Transcribe the lines below exactly. No image belongs in the transcription.
+++
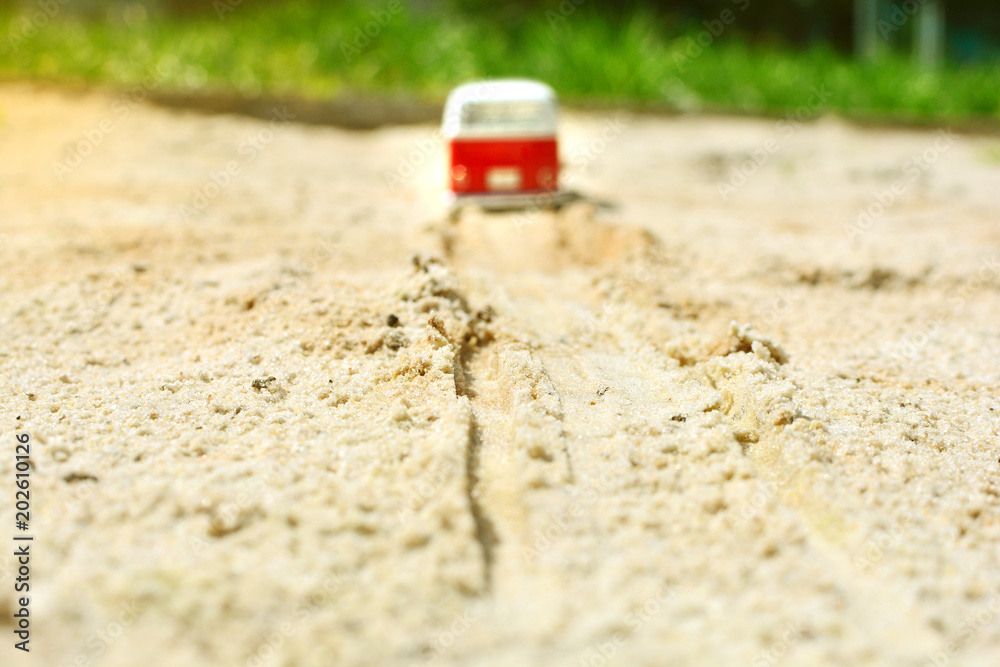 Travel background. Red bus trip to sea. The bus rides along the track. Travel background. Red bus trip to sea. The bus rides along the track.
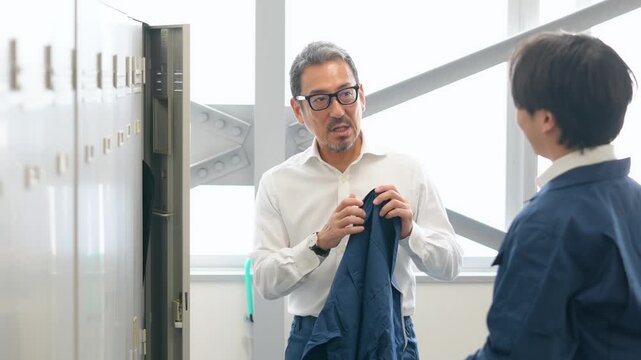 ロッカールームで着替える作業員。工場、作業服、仕事、会話、退勤、出勤、始業、更衣室、準備、エンジニア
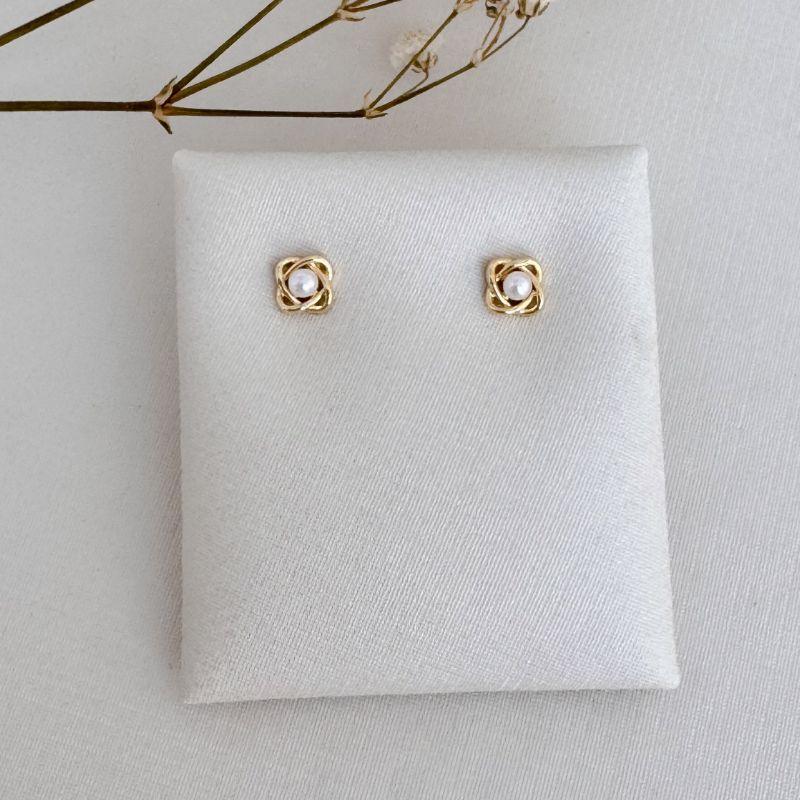 07.2694.15.O - (Tam.P) Brinco de efeito anéis planetários com pérola central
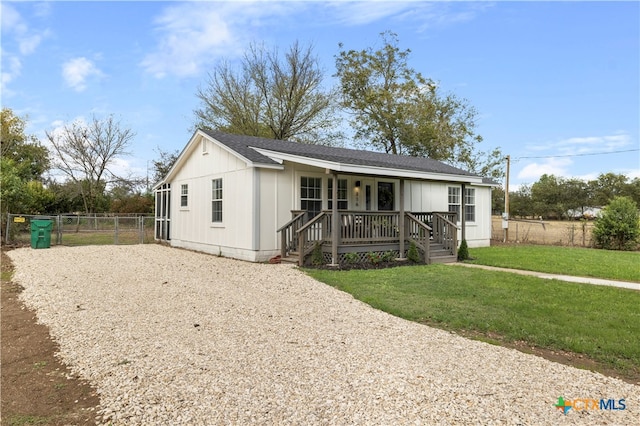 view of front of home with a porch and a front lawn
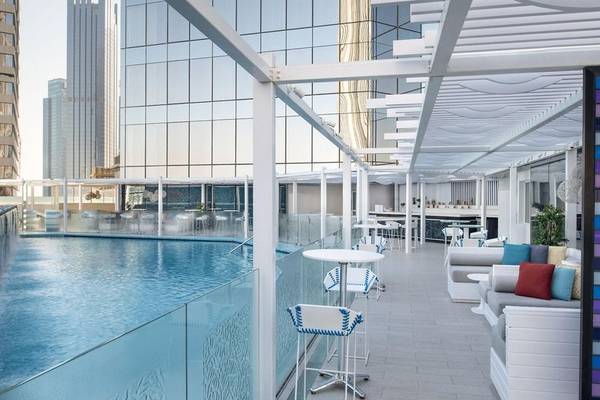 Außenpoolbereich des W Doha Hotel & Residences mit modernem Design und weißen Möbeln.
+++
RESULT:
 Travel background. Red bus trip to sea. The bus rides along the track. Travel background. Red bus trip to sea. The bus rides along the track.
 ロッカールームで着替える作業員。工場、作業服、仕事、会話、退勤、出勤、始業、更衣室、準備、エンジニア
 07.2694.15.O - (Tam.P) Brinco de efeito anéis planetários com pérola central
 view of front of home with a porch and a front lawn
 Außenpoolbereich des W Doha Hotel & Residences mit modernem Design und weißen Möbeln.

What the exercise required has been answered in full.